A UST input consists of an Index field and a Message field which
contains the data to be protected. A UST output consists of a
Ciphertext field and an Authentication Tag field. All of these
fields are octet strings, and all lengths below are expressed in
octets.
The Message field is divided into two parts: a Clear field, which
contains data which is not altered by the transform, and an Opaque
field, which is altered by the transform. Confidentiality is
provided on the Opaque field through encryption, and message
authentication is provided on both fields.

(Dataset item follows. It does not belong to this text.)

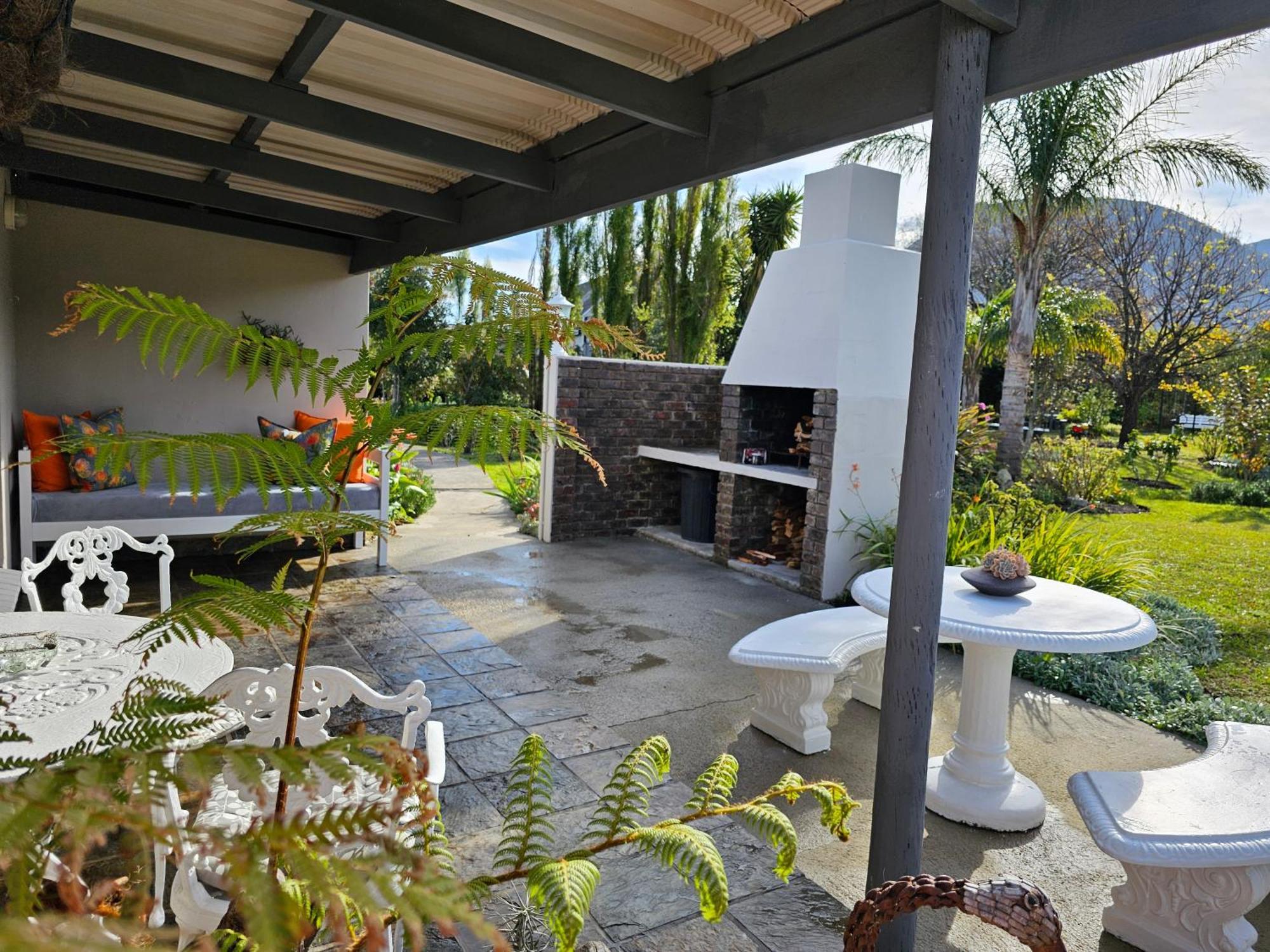 Tsitsikamma Gardens Cottages Self-Catering Cottages Sanddrif ภายนอก รูปภาพ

The Ciphertext contains the encrypted form of the unprotected
Opaque field; the length of those fields are equal. The
Authentication Tag provides message authentication of the
Ciphertext and the Clear field. The Index is an unsigned integer
in network byte order that acts as a nonce (that is, its value is
unique for each distinct Message for each fixed key).
The UST uses a Keystream Generator (as defined in Section 5) and an
Authentication Function (as defined in Section 6). The interfaces
to these components, but not the components themselves, are defined
in this specification. Any such components can be used.
The transform procedure is illustrated in Figure 1. The Index is
fed into the Keystream Generator, which then outputs the keystream
segment which corresponds to that Index. The keystream segment is
conceptually divided into a Prefix, whose length is equal to that
of the Authentication Tag, followed by a Suffix, whose length is
that of the Opaque field. The Ciphertext is generated by bitwise
exclusive-oring the Suffix into the Opaque field. The
Authentication Tag is computed by the Authentication Function,
using the concatenation of the Clear field followed by the
Ciphertext field as the data input and the and the Prefix as the
masking input. (Some operations may be optional, as described in
Section 3.1).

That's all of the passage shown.